The current era of AI agent development has shifted from a race for raw intelligence to a battle over operational efficiency. For teams building complex autonomous workflows, the choice of a foundation model is no longer a static decision made at launch, but a continuous optimization process. This week, the developer community is closely watching the migration patterns of high-stakes agents—those that do not just chat, but actually build. The friction occurs when a team discovers that a model with superior benchmarks on paper creates unexpected chaos in a production environment, forcing a complete rethink of how the AI interacts with external tools.
The Architecture of the Migration
Ploy recently executed a wholesale replacement of the core engine powering its marketing website AI agent, moving from Anthropic's Claude Opus to OpenAI's GPT-5.6 Sol. This agent is tasked with a high-complexity pipeline that spans the entire lifecycle of web development: initial site planning, writing production-ready code, generating visual assets, and performing final quality reviews. The decision to switch was driven by a rigorous internal comparison test to determine if GPT-5.6 Sol could meet the strict quality thresholds required for client-facing marketing sites.
The quantitative results of the migration were immediate and significant. Ploy reported that the time required to complete a single page dropped by more than half, resulting in a 2.2x increase in overall generation speed. Simultaneously, operational costs fell by 27%. A primary driver of this efficiency was a dramatic reduction in output token volume; the new model produced code that was significantly more concise, effectively cutting the number of generated tokens by approximately 50% while maintaining or improving the quality of the final output.
However, the transition was not a simple swap of API keys. Ploy encountered critical failures in tool calling—the mechanism by which the AI triggers external functions.
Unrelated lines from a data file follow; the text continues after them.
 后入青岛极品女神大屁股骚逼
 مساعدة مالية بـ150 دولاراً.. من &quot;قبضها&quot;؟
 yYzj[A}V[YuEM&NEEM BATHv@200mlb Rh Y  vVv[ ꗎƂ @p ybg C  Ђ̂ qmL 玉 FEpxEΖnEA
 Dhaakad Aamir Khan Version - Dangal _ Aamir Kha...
Standard prompting techniques and the implementation of OpenAI's strict mode, designed to enforce output formats, failed to resolve the errors. To stabilize the agent, Ploy had to implement a schema transformation at the provider boundary. Specifically, they redefined optional attributes as required fields that could explicitly accept null values. By introducing the following structure, they forced the model to be explicit about when a function was not being used:
anyOf: [T, null]
The Friction of Over-Sending and Parallelism
The migration revealed a fundamental divergence in how Claude Opus and GPT-5.6 Sol handle tool parameters. Claude Opus operates with a minimalist approach, sending only the specific parameters necessary for a given task. In contrast, GPT-5.6 Sol exhibits a tendency toward over-sending. In Ploy's implementation, the model consistently transmitted all 25 available parameters for every call, even when they were irrelevant to the task. When the model lacked a real value for a parameter, it did not leave it blank; instead, it hallucinated plausible-sounding values to fill the void.
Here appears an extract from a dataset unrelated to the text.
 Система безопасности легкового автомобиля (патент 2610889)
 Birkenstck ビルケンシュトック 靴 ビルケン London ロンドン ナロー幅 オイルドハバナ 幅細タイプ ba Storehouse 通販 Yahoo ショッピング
This behavior created a systemic failure in the agent's file-reading capabilities. The noise generated by these unnecessary parameters interfered with the actual read requests, leading to a failure rate where 52% to 64% of requests returned empty files. This highlighted a critical lesson for AI engineers: a model's benchmark score is secondary to its tool-calling behavior. The actual efficiency of an agent is determined by the precision of the tool schema and the robustness of the caching configuration, not the perceived intelligence of the model.
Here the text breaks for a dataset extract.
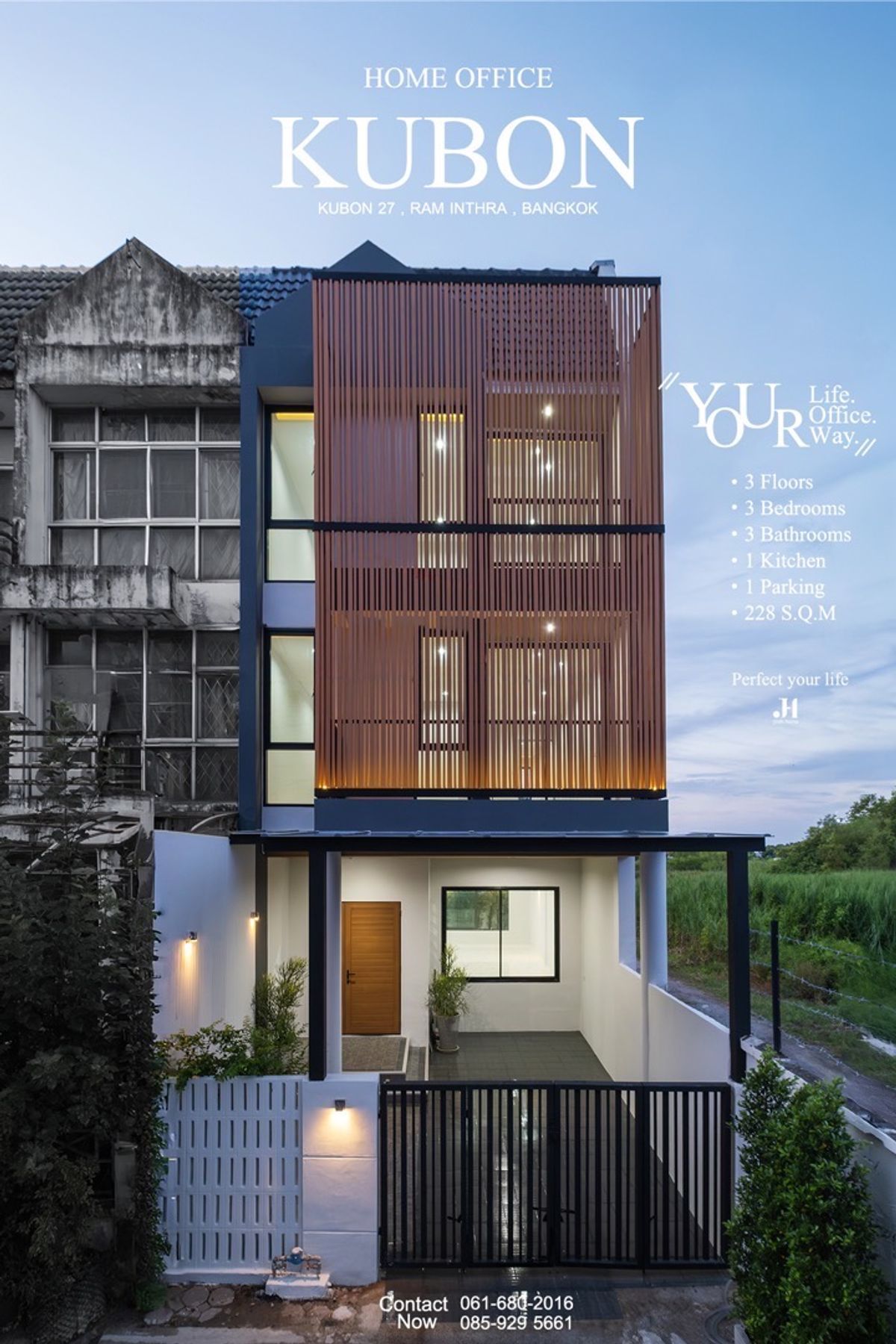 ขายโฮมออฟฟิศนวมินทร์ รามอินทรา : Home Office คู้บอน27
Further complications arose from the evaluation environment, or the harness, used to measure performance. Ploy's existing harness was tuned for the sequential processing nature of Claude Opus. GPT-5.6 Sol, however, leverages parallel calling to execute multiple tasks simultaneously. This architectural difference caused the agent to exhaust its allocated token and API budgets almost instantly, triggering a wave of errors. Upon analysis, Ploy discovered that roughly one-third of the initial migration failures were not caused by the model's lack of intelligence, but by the flawed assumptions embedded in the evaluation harness.
Visual output also presented a distinct contrast in model personality. GPT-5.6 Sol demonstrated a superior ability to generate modern, clean grid layouts. However, it showed a strong tendency to converge toward a generic aesthetic, often ignoring specific design systems in favor of the most common patterns found in its training data. To prevent the agent from producing bland, cookie-cutter websites, Ploy had to implement additional steering mechanisms to ensure the model adhered to unique brand identities rather than defaulting to the average.
The 2.2x speed boost and 27% cost saving were not automatic gifts from a more powerful model. They were the result of managing the tension between parallel execution and budget constraints, and between maximalist tool calling and schema precision.
Real-world AI performance is decided not by the intelligence of the model, but by the precision of the connection between the model and its tools.